(Beginning of Supplied data)

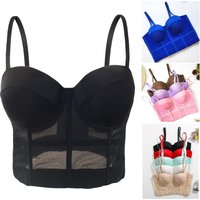 Sexy Mesh Push Up Bralet Women Corset Bustier Bra Night Club Party Long Sexy Cropped Top Vest Plus Size Tank Top Women Corset
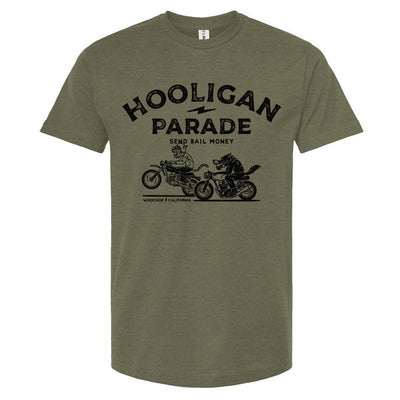 Hooligan Parade Local Animals T-Shirt in army green, motorcycles, motorbikes, supermoto, hooligans, motorcycle shirts, motorcycle lifestyle, supermoto, san francisco, sf, california, crown moto, wheelies, stoppies, endos, burnouts, speeding, lawbreakers, bail money, street racing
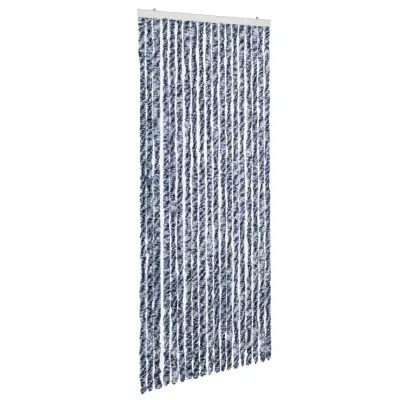 vidaXL Zavesa proti mrčesu iz šenilje 56x185 cm modra, bela in srebrna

(End of Supplied data)

• About this exercise
Where the data includes pictures, leave them out and write out everything else exactly.

• Task result
 Sexy Mesh Push Up Bralet Women Corset Bustier Bra Night Club Party Long Sexy Cropped Top Vest Plus Size Tank Top Women Corset
 Hooligan Parade Local Animals T-Shirt in army green, motorcycles, motorbikes, supermoto, hooligans, motorcycle shirts, motorcycle lifestyle, supermoto, san francisco, sf, california, crown moto, wheelies, stoppies, endos, burnouts, speeding, lawbreakers, bail money, street racing
 vidaXL Zavesa proti mrčesu iz šenilje 56x185 cm modra, bela in srebrna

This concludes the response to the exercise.